American baseball player (born 1990)

Jason Leavell Coats (born February 24, 1990) is an American former professional baseball outfielder. He played in Major League Baseball (MLB) for the Chicago White Sox.

==Career==
===Amateur===
Coats played college baseball at Texas Christian University (TCU) for the TCU Horned Frogs. In 2010, he played collegiate summer baseball with the Bourne Braves of the Cape Cod Baseball League. After his junior year, he was drafted by the Baltimore Orioles in the 12th round of the 2011 Major League Baseball draft, but did not sign and returned to TCU for his senior year. His senior year came to an end after tearing his ACL during the final game of the regular season.

===Chicago White Sox===
Coats was drafted by the Chicago White Sox in the 29th round of the 2012 MLB draft. He made his professional debut in 2013 with the Kannapolis Intimidators. Coats played 2014 with the Winston-Salem Dash and Birmingham Barons, 2015 with Birmingham and the Charlotte Knights, and started 2016 with Charlotte.

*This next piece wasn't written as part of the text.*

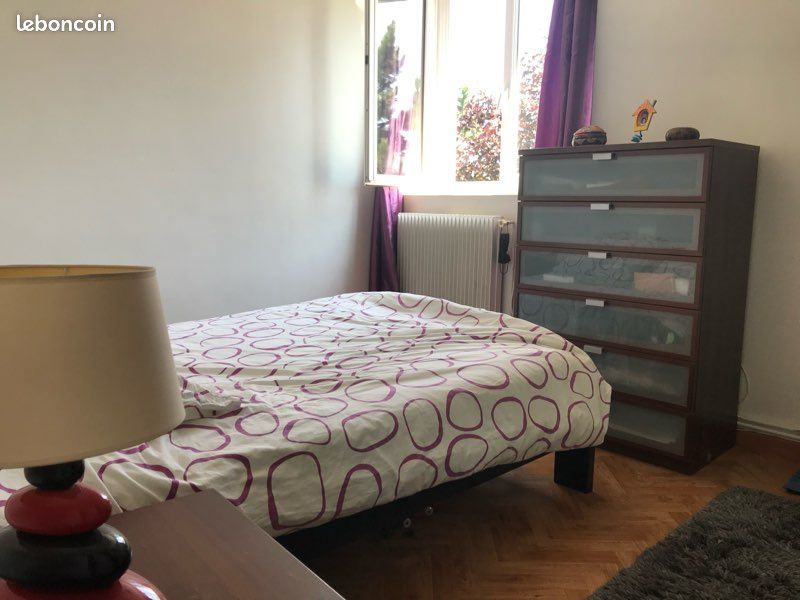 Location F3, 50 m2, meublé 1250 euros (image 3)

The White Sox promoted Coats to the major leagues on June 4, and put him in their starting lineup.

===Tampa Bay Rays===
Coats was claimed off waivers by the Tampa Bay Rays on January 11, 2017. Later that day, Coats tore his right ulnar collateral ligament. He was released on January 30. On March 13, Coats re–signed with the Rays on a minor league contract, but missed the entirety of the 2017 season as a result of his UCL injury.

Coats played in 108 games for the Triple-A Durham Bulls in 2018, batting .247/.293/.448 with 15 home runs and 60 RBI. He elected free agency following the season on November 2, 2018.

Coats later re-signed with the Rays on another minor league deal on February 6, 2019, that included an invitation to spring training. He was assigned to the Triple–A Durham Bulls to start the 2019 season. In 92 games for Durham, he slashed .250/.293/.461 with 18 home runs, 50 RBI, and six stolen bases. Coast elected free agency following the season on November 7.